You may have noticed in Accessibility Checker reports, we never say that a page is 100% accessible. Rather, we say that a page, post, or even a full website has 100% passed checks.

Accessibility Checker uses automated scanning to help you to identify if common accessibility issues are present on your website. Automated tools are great for catching some accessibility issues and are a critical part of achieving and maintaining an accessible website. However, not all accessibility problems can be identified by an automated scanner.
As noted here and further explained in our help article explaining how to manually test your website for accessibility, accessibility testing by a human is essential because automated tests alone won’t find everything.

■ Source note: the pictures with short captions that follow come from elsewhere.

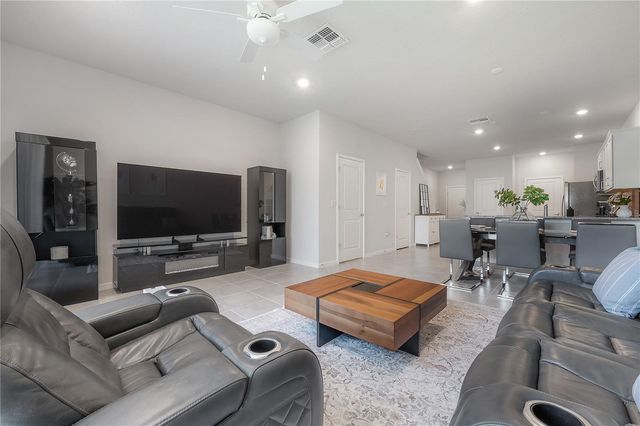 31428 AMBERVIEW BEND, Wesley Chapel, FL 33545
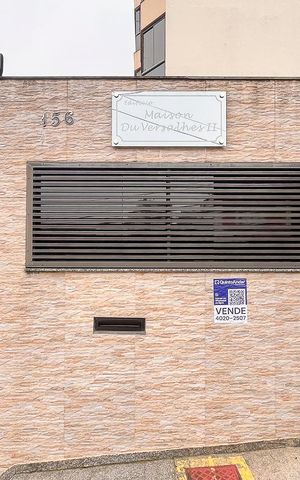 Apartamento à venda com 110m², 3 quartos e 2 vagasFachada + plaquinha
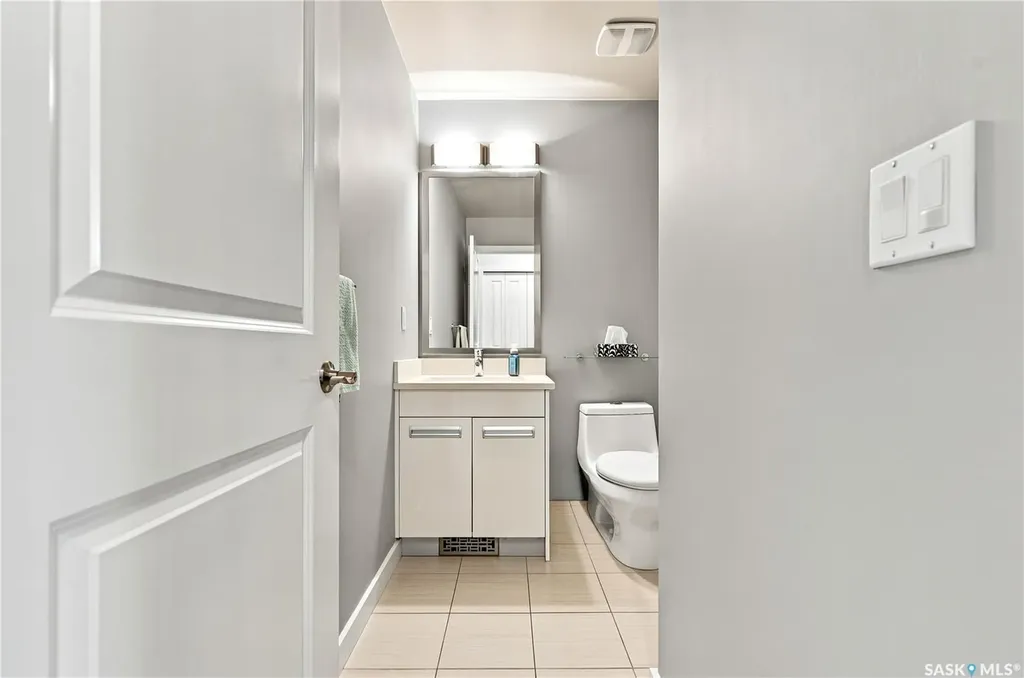 135 Ashworth Crescent Saskatoon SK S7T 0N1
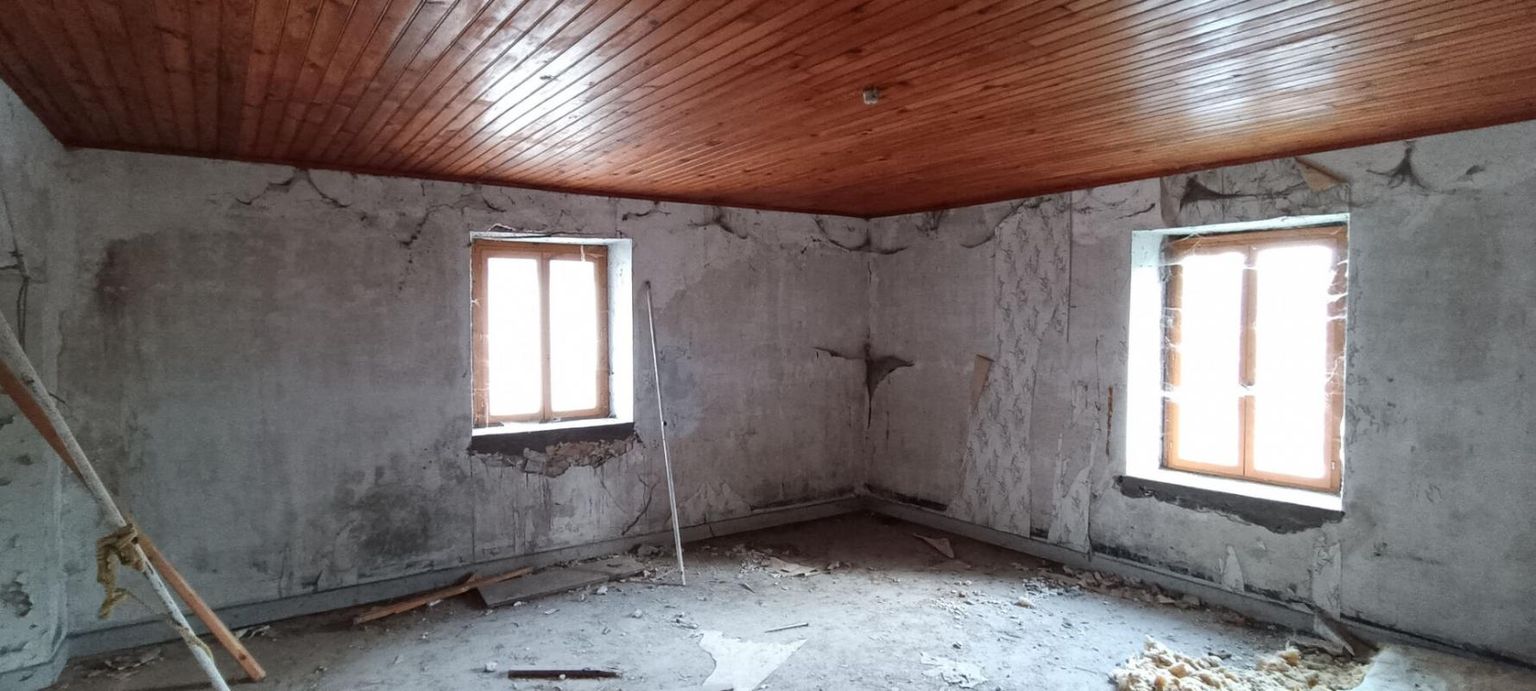 BAUDONCOURT Corps de ferme 200m2 4 pièces et annexe 70300 Baudoncourt 4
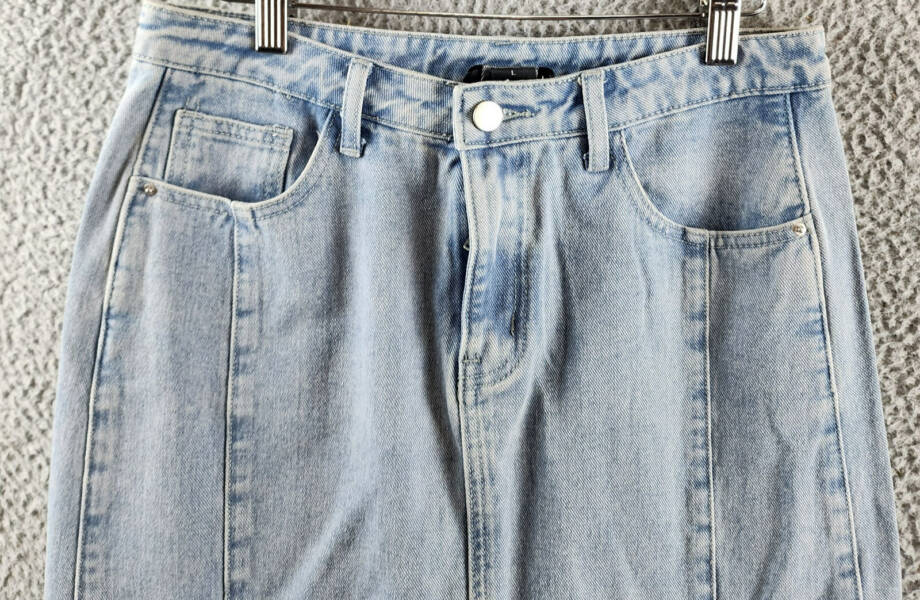 Gracia Straight Cut Midi Denim Skirt Women's L Blue Side Pockets Button Zip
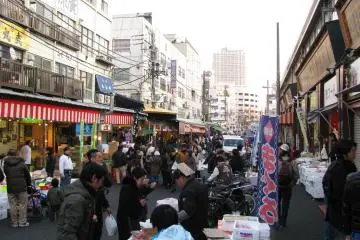 Hustling and bustling thoroughfare (Photo: <a href="https://commons.wikimedia.org/wiki/File:Tsukiji_Outer_Market_-01.jpg" target="_blank" rel="noreferrer noopener nofollow">Aimaimyi</a> / <a href="https://creativecommons.org/licenses/by-sa/3.0/deed.en" target="_blank" rel="noreferrer noopener nofollow">CC BY-SA 3.0</a>)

Items That Cannot Be Checked for Automatically
Despite what other accessibility scanners or toolbars might tell you, there is no way for any automated tool or plugin to ensure your website is fully accessible. Even with so-called AI, there is no credible evidence to suggest any automated solution has more than ~40% coverage of the Web Content Accessibility Guidelines.
Examples of accessibility issues that require a human testing component:
- Determining if an image provides unique value to the content on the page or is redundant/decorative based on the surrounding text.
- Whether or not the way the interface or content reads out on a screen reader is complete, informative, and helpful to the user, without wasting their time.
- Verifying that audio descriptions capture essential visual cues and emotional subtext without interfering with critical dialogue.
- Ensuring the keyboard navigation path follows a logical human workflow based on the structure and ordering of the content and user interface.
- Validating that simplified summaries are functionally equivalent and truly reduce cognitive load without losing critical nuances in the full-length content.
- Confirming correct speaker identification in captions and the inclusion of non-speech information to ensure an equivalent experience.
- Whether a user can access helpful information consistently and in the same manner across an entire website, or across a multi-step user journey.
- And much, much more…
These are just some of the items that cannot be tested by an automated tool. If you review the Web Content Accessibility Guidelines (WCAG) 2.2, you’ll see many other examples of success criteria that require a human’s judgment in order to ensure that they have been met.
As much as we wish that Accessibility Checker could tell you instantly whether or not your website is fully accessible, it’s just not possible. The best we can do is tell you if any problems (errors), or items needing review (warnings) exist on the website. This is is why we say “100% Passed Checks” and not “100% Accessible.”
How to Achieve a 100% Accessible Website
True accessibility can only be achieved through a combination of automated scans and manual review, and manually fixing any identified problems either within the content editor or in your website’s code.
It’s crucial to note that no AI solution or automated tool can make your website accessible. Only you, your team, or an accessibility consultant/firm/developer can make your website accessible through real effort, conscious decision making, and fixes at the root of the problem.
If you want to make your website 100% accessible, it is possible and Accessibility Checker is a vital part of achieving and maintaining that goal. Use Accessibility Checker to test for baseline issues and strive to have every page or post on your website say “100% Passed Tests.” That, in tandem with your manual testing efforts, will get you well on the way to truly accessible website.